What then of gold? Like coal mines huge tracts of native forest have been destroyed to make way for massive open cast mines and lethal tunnels have been burrowed to extract a bright yellow but almost useless metal which is then smelted into ingots and buried again in vast concrete vaults. The landscape is left ugly behind them and old mine shafts have collapsed under houses. Not all tailings dams are benign duck ponds as the extraction process also leaves significant amounts of toxic chemicals in the sludge.
**READ MORE:
* OceanaGold applies for mining permit in the Coromandel Forest Park
* Time is right to say no to Waihi mining
* Mayor says jobs will suffer after Minister Eugenie Sage cans mining company's land buy**
Previous generations of gold miners at least had some justification for their activities in that most of the world's currencies were linked to the Gold Standard. This was established in the 1800s to standardise values in the growing international world trade markets. The principle was that paper money could be redeemed by any government for its value in gold.
That all changed after the Great Depression of the 1930s and today no country in the world uses the Gold Standard and it has replaced by 'fiat money', which is currency based on the goods and services and which a government declares to be legal tender but is not backed by a physical commodity. We no longer need to destroy the landscape for gold. We already have more than we could ever use for jewellery, computer board printing and a few other practical applications.
The United States for example has a massive 8000 tonnes of the stuff buried in bank vaults, almost as much as the next three countries combined. No one sees it, no one uses it and it is not required to underwrite the US economy. By comparison the New Zealand Reserve Bank holds no gold bullion at all, even though about a thousand tonnes is extracted here every year with about a third coming from the Coromandel area.
Our changing attitude to mining was reflected in last week's refusal by the Government to allow mining company OceanaGold to buy 178 hectares near Thames in the Coromandel for another tailings dam. Minister for Land Information Eugenie Sage said that converting productive farmland to a tailings dam and reservoir to store hazardous mining waste long term would not provide a substantial and identifiable benefit for New Zealand in the context of a sustainable economy.
Over 30 years the company had applied for 80 property purchases and this was the first time an application has been declined. OceanaGold has also applied for a mining permit in the Coromandel Forest Park so it can better assess the area's potential for an underground mine but that has raised the ire of an environmental protection group Coromandel Watchdog of Hauraki, who want all conservation land protected from mining.

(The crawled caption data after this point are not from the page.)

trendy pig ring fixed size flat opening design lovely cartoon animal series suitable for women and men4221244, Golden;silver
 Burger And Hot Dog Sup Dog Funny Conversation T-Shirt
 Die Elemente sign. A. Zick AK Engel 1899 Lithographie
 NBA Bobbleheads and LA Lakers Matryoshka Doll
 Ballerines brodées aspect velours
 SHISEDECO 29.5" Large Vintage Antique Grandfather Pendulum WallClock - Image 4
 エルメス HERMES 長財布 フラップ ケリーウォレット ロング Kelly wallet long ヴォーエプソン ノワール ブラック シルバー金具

Hauraki District Mayor John Tregidga said the decision to decline the application showed disregard for the livelihoods of more than 360 local workers who are employed by the company. His comments are an understandable and proper reflection of his community which has relied on mining for a very long time. Providing jobs is not the only criteria by which we should judge an industry. We could say the same about a cigarette factory or a pokie machine parlour. Both are legal and provide jobs and profits but do we want them and the harm they cause? And do we want to inflict more irreparable harm on an already battered natural environment?
Like the days sailing ships and steam trains, the need for destructive mining for minerals we no longer need has gone.